When Adele finished a soaring rendition of "Hometown Glory" to open her set at Washington D.C.'s 9:30 Club last night — the kickoff gig for her North American tour — she did a mini-curtsy and took a long swig from a teacup.
"I'm really, really, really nervous," she told the mostly female sell-out crowd. "The last time I was here, the guy who inspired 21 was with me." The assembled roared in solidarity.
It was the beginning of a non-stop monologue that continued between the set's 16 songs, drawn mostly from 21, the deeply personal break-up album that has sold 1.5 million copies this year. It seemed that if she stopped talking, even for a moment, the emotions that clearly simmered just below the surface might explode. Her fans could easily have filled a venue much larger than the 1,200-capacity club — as, clearly, could her voice. But Adele's nerves might not be ready for anything less intimate.
Wearing a high-belted black dress and standing mostly still on a set seemingly designed to look like a retro London flat, with Persian rugs and two dozen vintage lampshades dangling at various heights, Adele belted out her heartache in song after earnest song. The material might have turned grating or repetitive in the hands of a lesser talent, but the 23-year-old Brit's reservoir is so deep and the passion so palpable that it's hard to take your eyes off her.
"I don't know why I get so hot — it's not like I'm dancing like Beyoncé," she quipped after the particularly melancholic "Don't You Remember" before releasing a signature laugh-honk and moving on to gabbing about the royal wedding. "I liked the kissing bit best," she said. "They just seemed like any boyfriend and girlfriend."
"Turning Tables," one of the angrier tracks on 21, was given a smart, spare arrangement that highlighted the power of Adele's voice, which carried effortlessly into the high rafters, pulling goosebumps from hundreds of arms—and more than a few tears.
One of the night's biggest ovations came when the singer introduced her cover of "If It Hadn't Been for Love," by bluegrass band the Steeldrivers.
"It's about shooting your wife," she said. "I'm not condoning it, but I want to shoot a few fucking men in my life."
When she played the re-imagined cover of the Cure's "Lovesong" from 21, she mentioned that the arrangement was originally written for Barbra Streisand, who passed on it.

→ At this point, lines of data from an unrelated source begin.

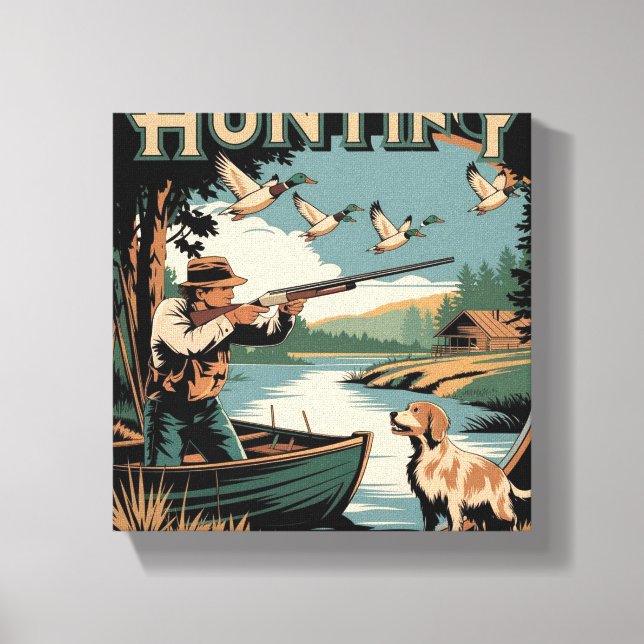 Hunt begin Adventure with Stretched Canvas Prints  (Front)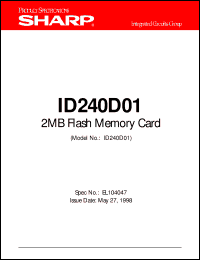 datasheet for ID240D01 by Sharp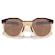 Óculos de Sol Unissex Oakley Hstn Mbappé Dark Amber/Light Curry MARROM
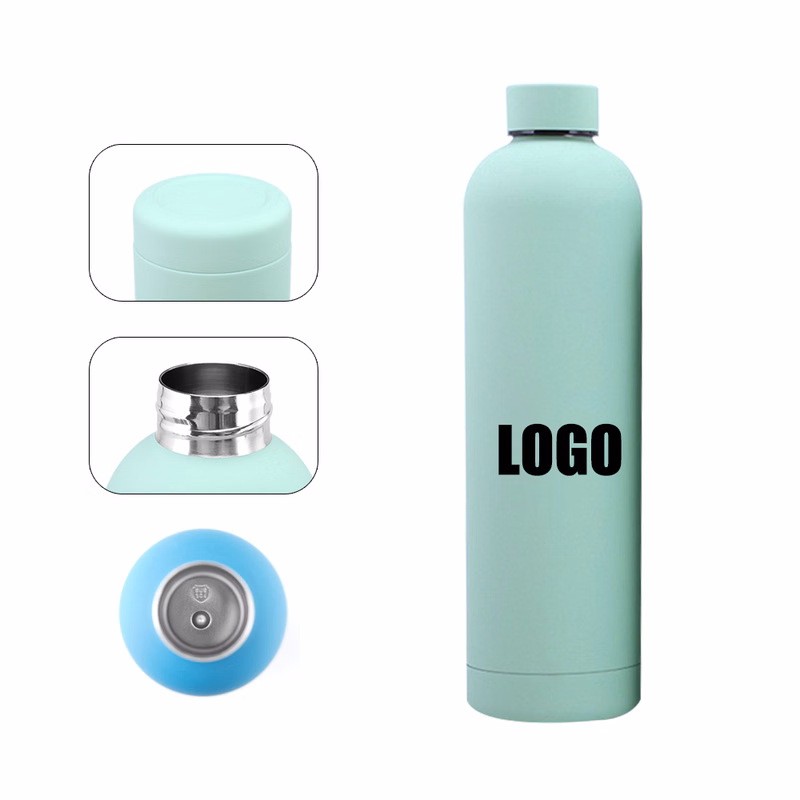 18 OZ. Rubber paint Stainless Steel Bottle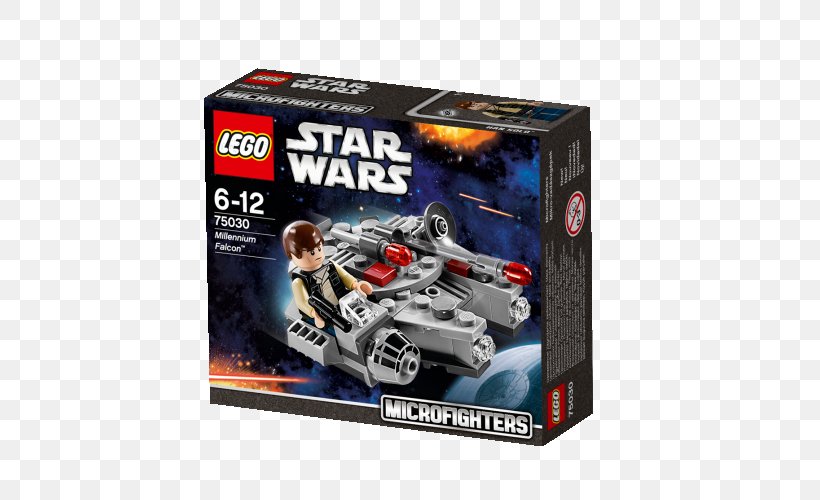 LEGO Star Wars : Microfighters Han Solo LEGO 75030 Star Wars Millennium Falcon Toy, PNG, 500x500px, Lego Star Wars Microfighters, Allegro, Han Solo, Lego, Lego Minifigure Download Free
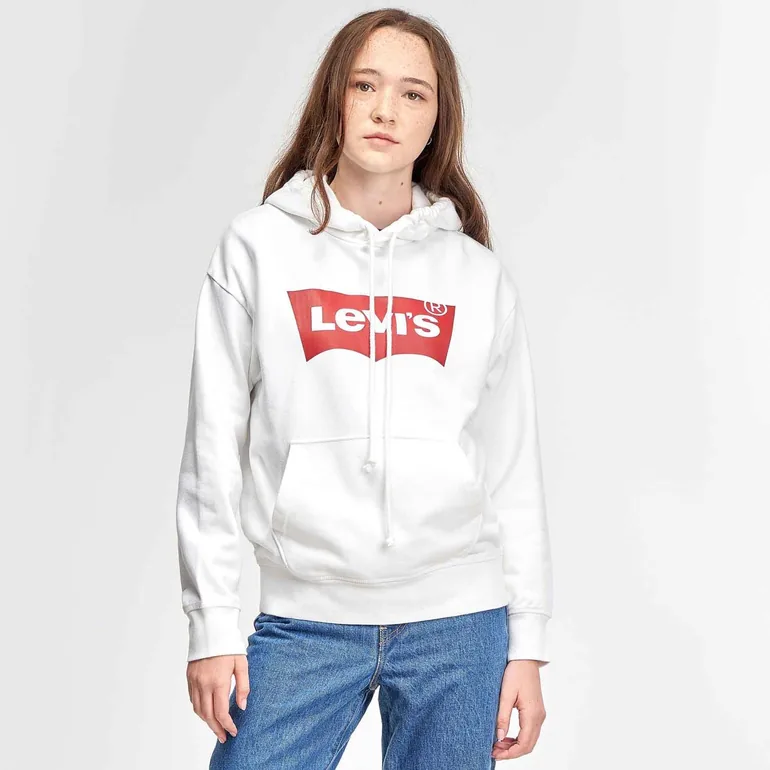 Women's Levis Graphic Standard Hoodie in White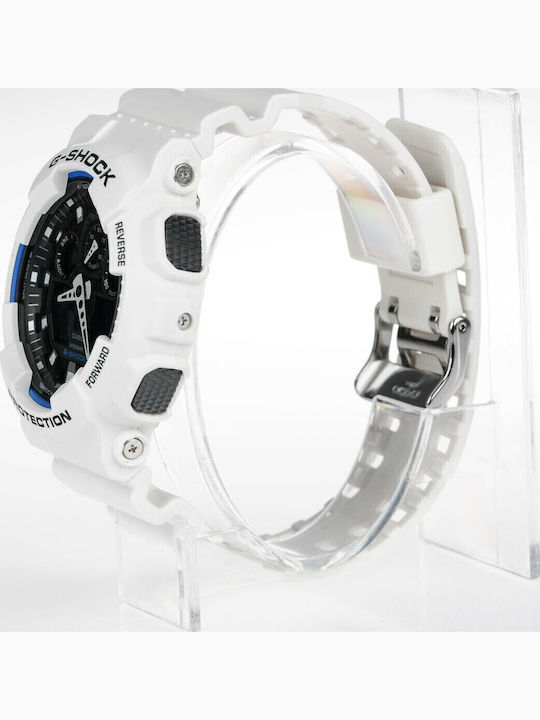 Casio G-Shock Ανδρικό Ρολόι 51mm Μπαταρίας με Λευκό Καουτσούκ Λουράκι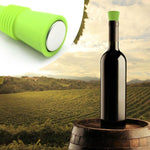 Tampa de Garrafa Criativa de Silicone Grau Alimentar para Vinho, Tampa de Preservação (Roxo), Tampa de Preservação (Vermelho), Tampa de Preservação (Azul), Tampa de Preservação (Verde)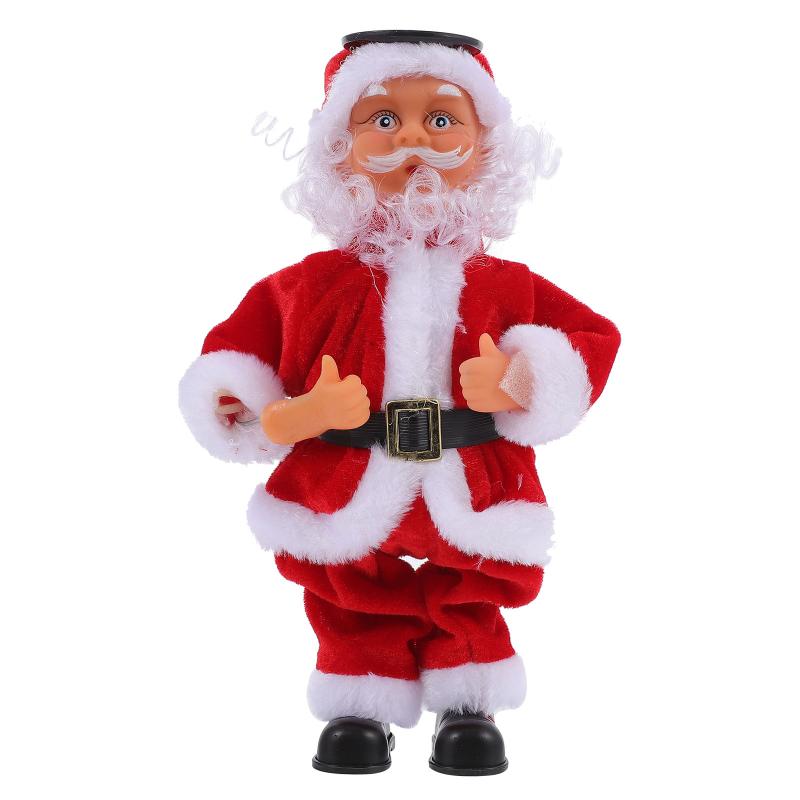 

Mugs 1Pc Christmas Decoration Electric Musical Santa Claus Doll Handstand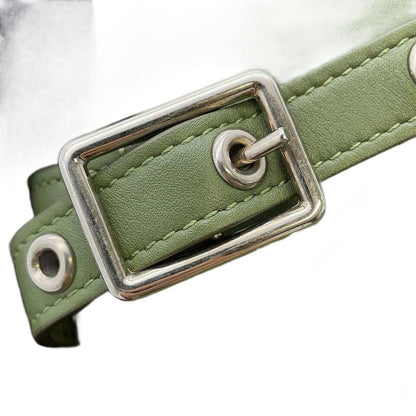 CELINE bucket nano Leather Green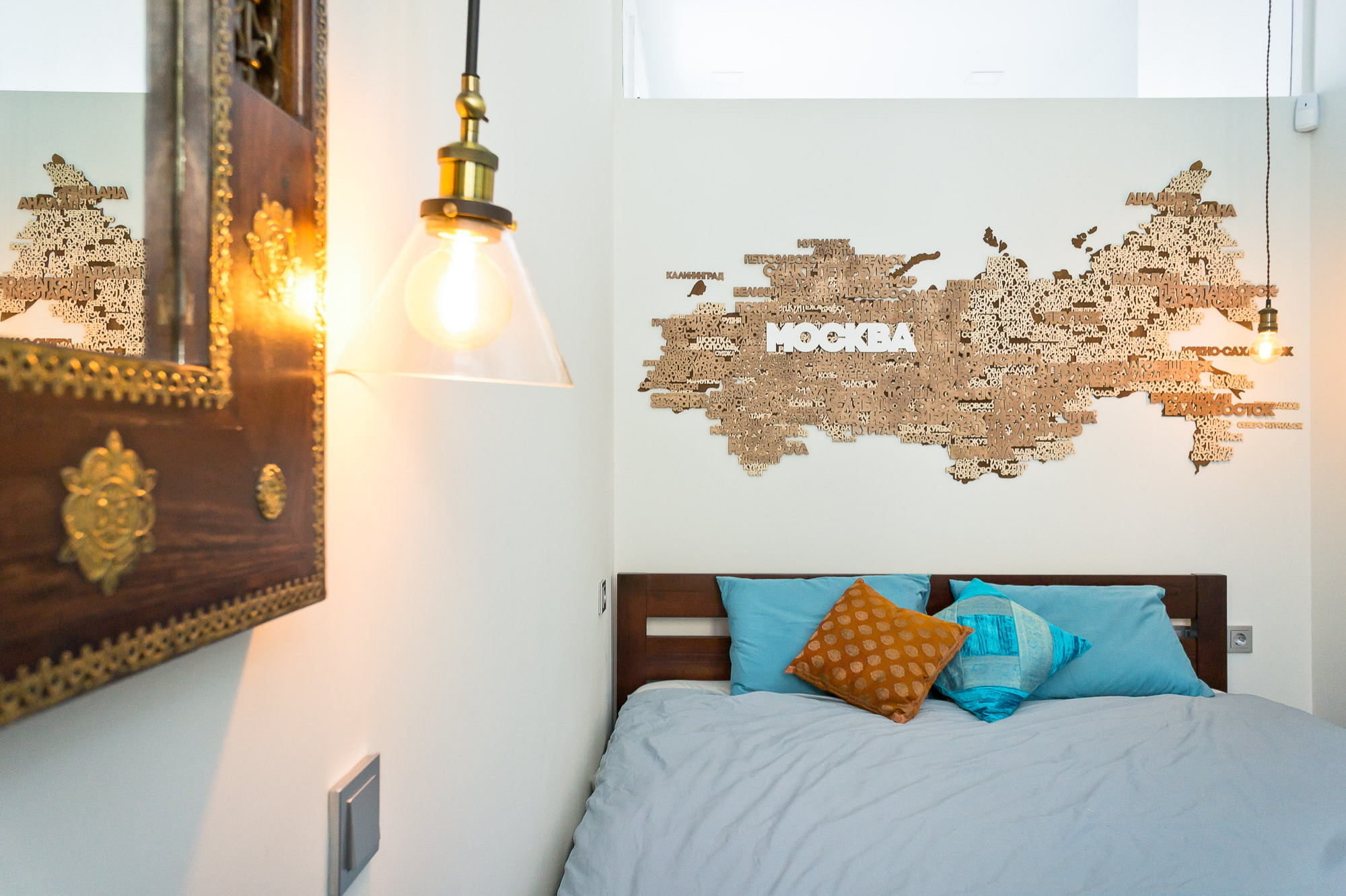 До и после: Квартира на Арбате с воротами из индийского храма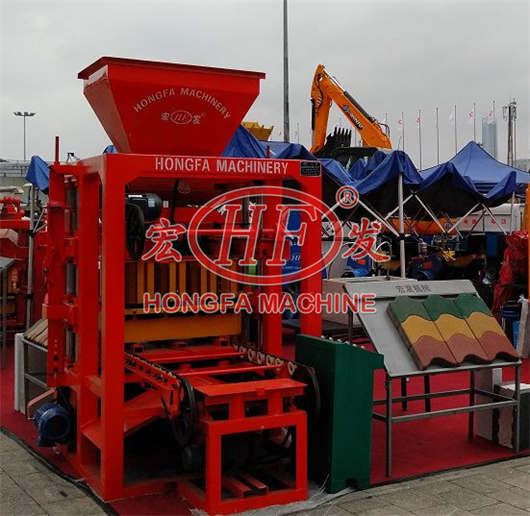 Hongfa fly ash bricks concrete sand block making machine 4-26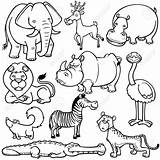 Animals Wild Coloring Printable Pages Animales Colorear Para Salvajes Colouring Animal Dibujos Animados Zoo Imprimir Dibujo Color Animalitos Guardado Desde sketch template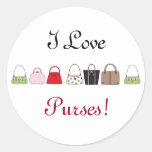 Line Of Purses - I Love Purses! Stickers at Zazzle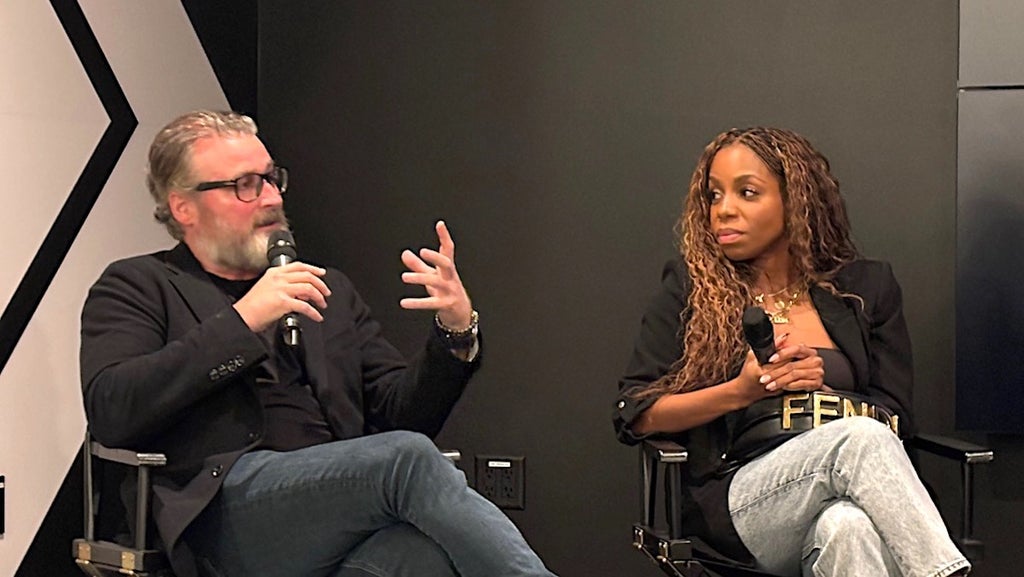 "Group Therapy" director Neil Berkeley and comedian London Hughes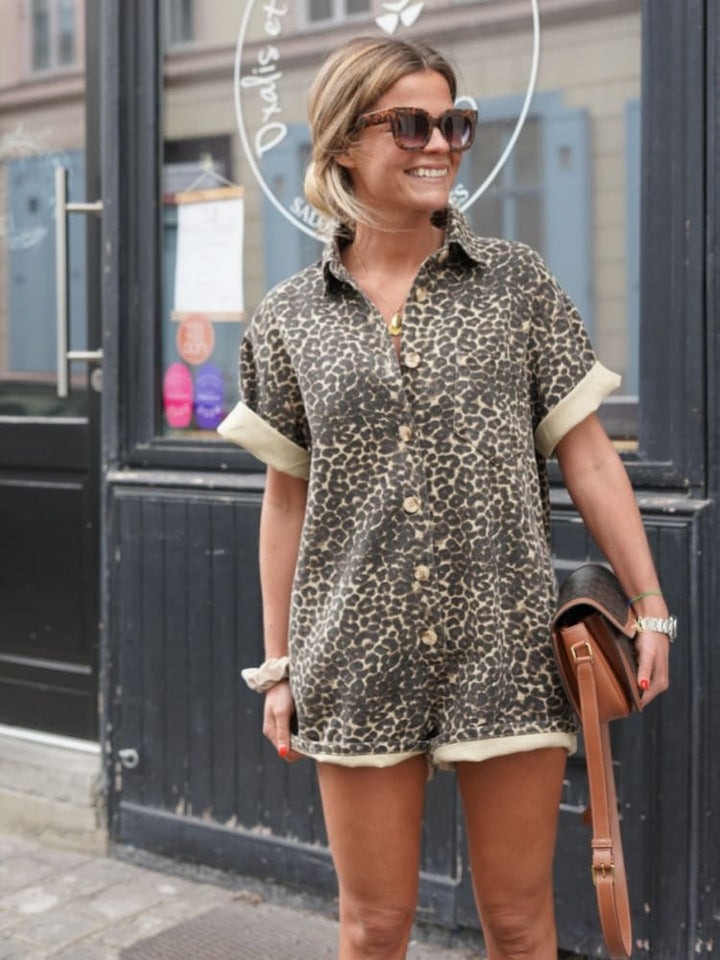 Kathreen | Leopard Print Jumpsuit
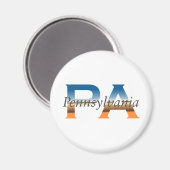 Pennsylvania Magnet (Vorderseite/Rückseite)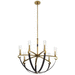 Kichler KK52016NBR Natural Brass Large Foyer Chandelier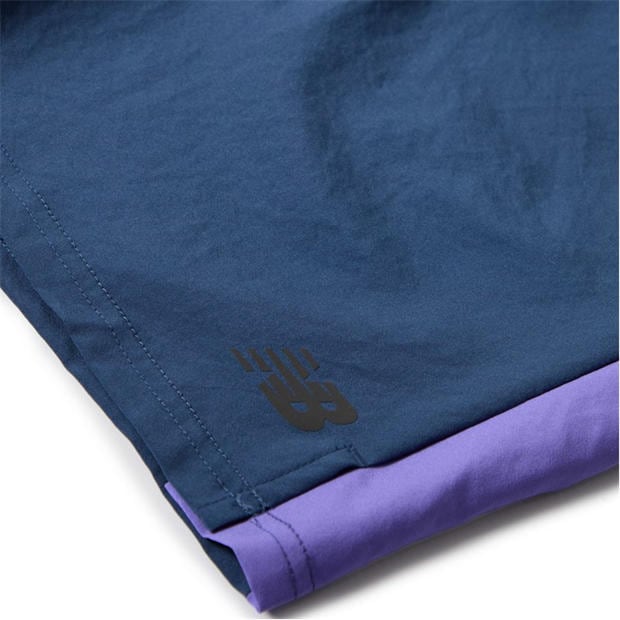 Navy/Purple - New Balance - Men's Performance Gym Shorts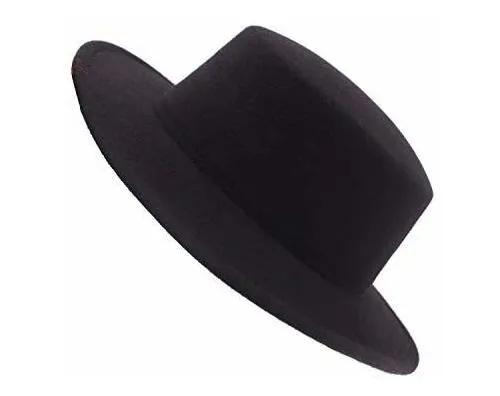 comprar Sombrero Fedora Unisex De Mezcla De Lana Negra Clásico A La 
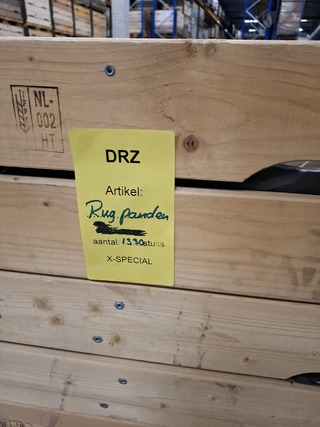 Ca. 1330x Rugpanden Woodland print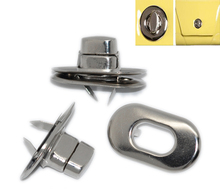 8“x14 10SetsSilverTonePurseTwistTurnLock28x37mm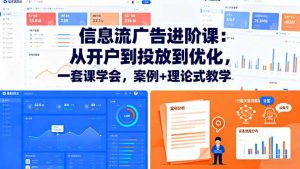 信息流广告进阶课:从开户到投放到优化,一套课学会,案例+理论式教学-庄子聊项目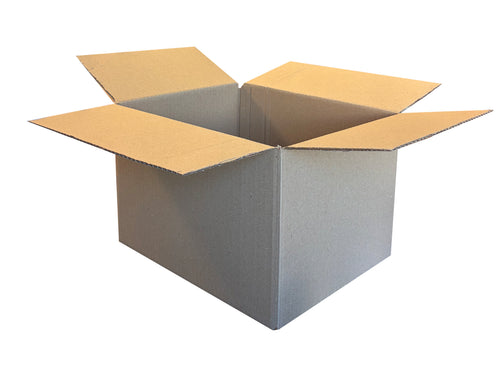 New Plain Strong Single Wall Box - 286mm x 230mm x 180mm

She went on to list her "favorites" as Streisand, Bette Midler, Etta James, and June Carter—a list that accurately reflects Adele's own potent mix of soul and schmaltz.
As the set wound down, it was clear the weight was lifting off her shoulders.
"I can't believe I've managed to wear my high heels throughout the whole show!" she blurted before launching into "Someone Like You," perhaps the most devastating song on 21, in which she confronts her former lover's marriage.
"Nevermind, I'll find someone like you/I wish nothing but the best for you too," she sang with shaking hands. "Don't forget me, I beg."
Returning for a triumphant encore —"The shoes are off!" she declared — Adele didn't so much deliver her propulsive, bitter signature hit "Rolling in the Deep" as introduce it. This time, her booming voice was just the loudest in a sing-along in which her thousand-plus tribe shared the cathartic joy of acceptance and resilience. Adele, in all her pop-culture referencing, quippy glory, delivers that as well as anyone.